__Task goal__. Every entry below should be restated word for word, except for its images.

__Extracted material__.

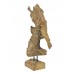 EUROPALMS Natural wood sculpture 60cm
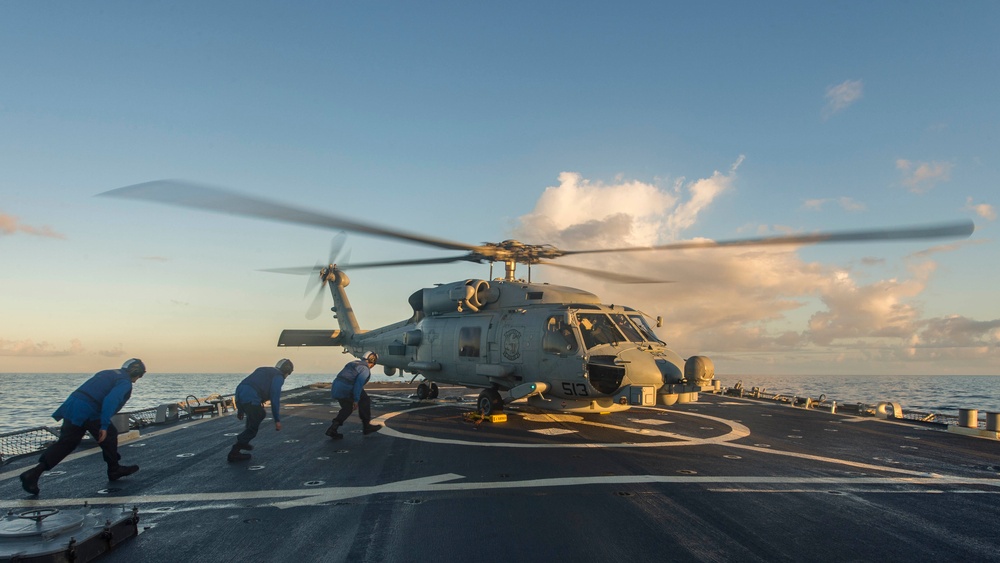 USS Stout action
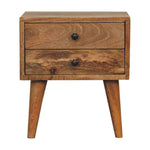 Solid Wood Mini Oak-ish Modern Bedside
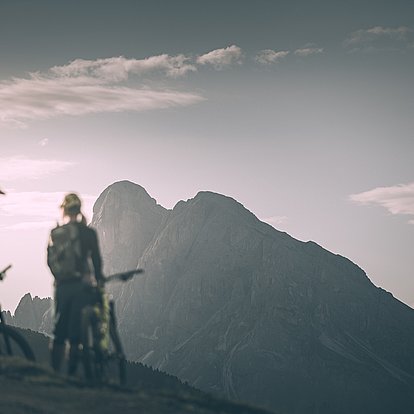 Auf die Plose: geführte Radtouren in Südtirol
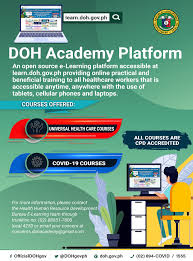 Aug 17, 2011 · the philippines is a land rich in natural resources, scenic locales, and friendly smiles. Department Of Health Philippines Start Learning Today Learn Grow And Develop New Skills Through The Doh E Learning Academy Platform Https Learn Doh Gov Ph Which Offers Cpd Accredited Courses On The Universal Health Care And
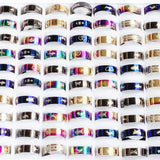 50/100pcs Multicolor Stainless Steel Ring Mix Styles Wedding Jewelry Gift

__Solution to this problem__.
 EUROPALMS Natural wood sculpture 60cm
 USS Stout action
 Solid Wood Mini Oak-ish Modern Bedside
 Auf die Plose: geführte Radtouren in Südtirol
 Aug 17, 2011 · the philippines is a land rich in natural resources, scenic locales, and friendly smiles. Department Of Health Philippines Start Learning Today Learn Grow And Develop New Skills Through The Doh E Learning Academy Platform Https Learn Doh Gov Ph Which Offers Cpd Accredited Courses On The Universal Health Care And
 50/100pcs Multicolor Stainless Steel Ring Mix Styles Wedding Jewelry Gift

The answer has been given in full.